On Fri, Jun 04, 2021 at 10:58:14AM -0700, John Hubbard wrote:
> On 6/4/21 12:52 AM, Feng Tang wrote:
> ...
> >>>The perf data doesn't even mention any of the GUP paths, and on the
> >>>pure fork path the biggest impact would be:
> >>>
> >>> (a) maybe "struct mm_struct" changed in size or had a different cache layout
> >>
> >>Yes, this seems to be the cause of the regression.
> >>
> >>The test case is many thread are doing map/unmap at the same time,
> >>so the process's rw_semaphore 'mmap_lock' is highly contended.
> >>
> >>Before the patch (with 0day's kconfig), the mmap_lock is separated
> >>into 2 cachelines, the 'count' is in one line, and the other members
> >>sit in the next line, so it luckily avoid some cache bouncing. After
>
> Wow! That's quite a fortunate layout to land on by accident. Almost
> makes me wonder if mmap_lock should be designed to do that, but it's
> probably even better to just keep working on having a less contended
> mmap_lock.

Yes, manipulating cache alignment is always tricky and fragile, as
data structure keeps being changed and it is affected by differrent
kernel config options, also different workloads will see different
hot fields of it.

Optimizing 'mmap_lock' is the better and ultimate solution.

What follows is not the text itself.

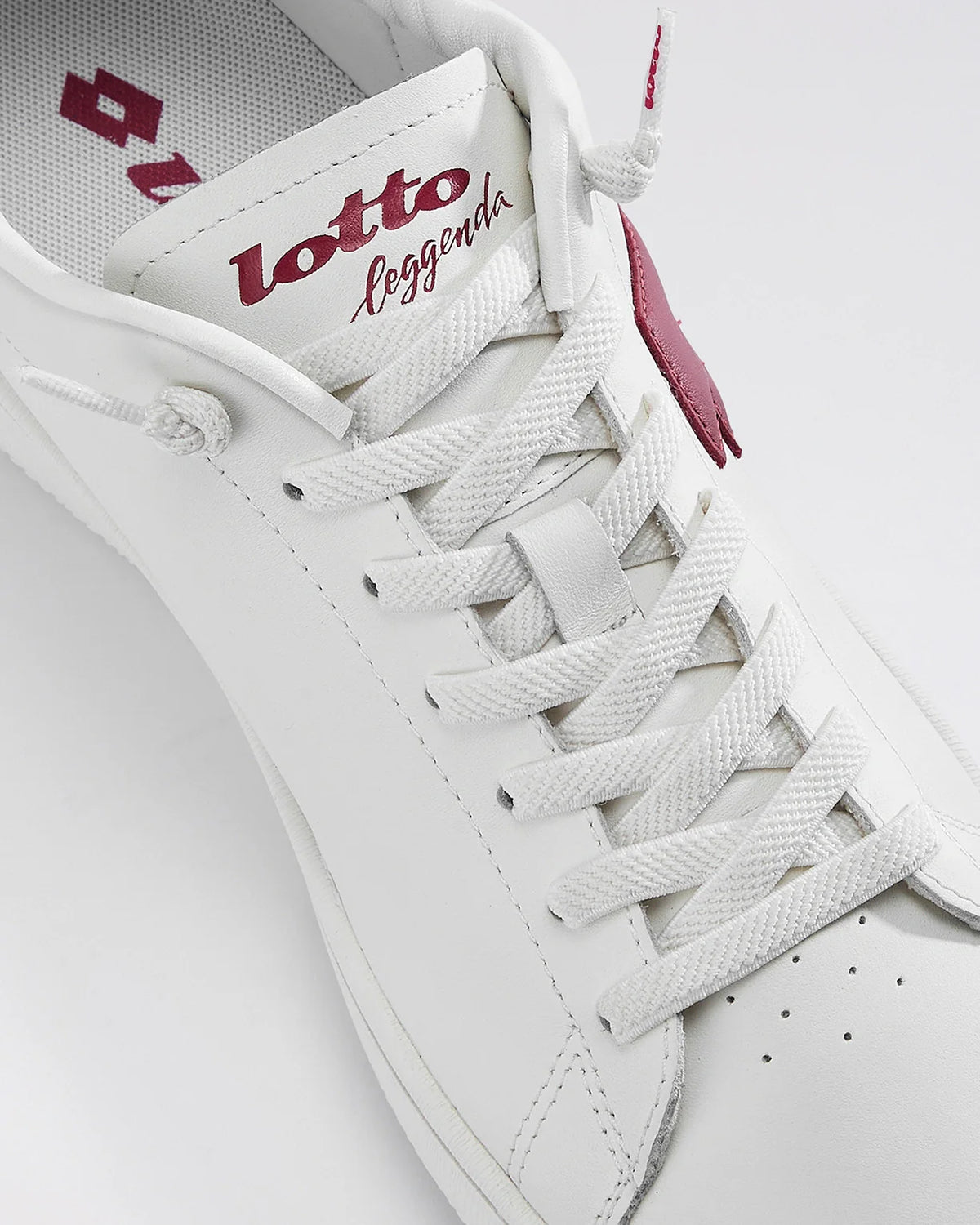 Autograph OG Slip-On - Star White-Rhythmic Red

> I *suppose* it's worth trying to keep this fragile layout in place,
> but it is a landmine for anyone who touches mm_struct. And the struct
> is so large already that I'm not sure a comment warning would even
> be noticed. Anyway...

Linus also mentioned clear comment is needed. Will collect more info.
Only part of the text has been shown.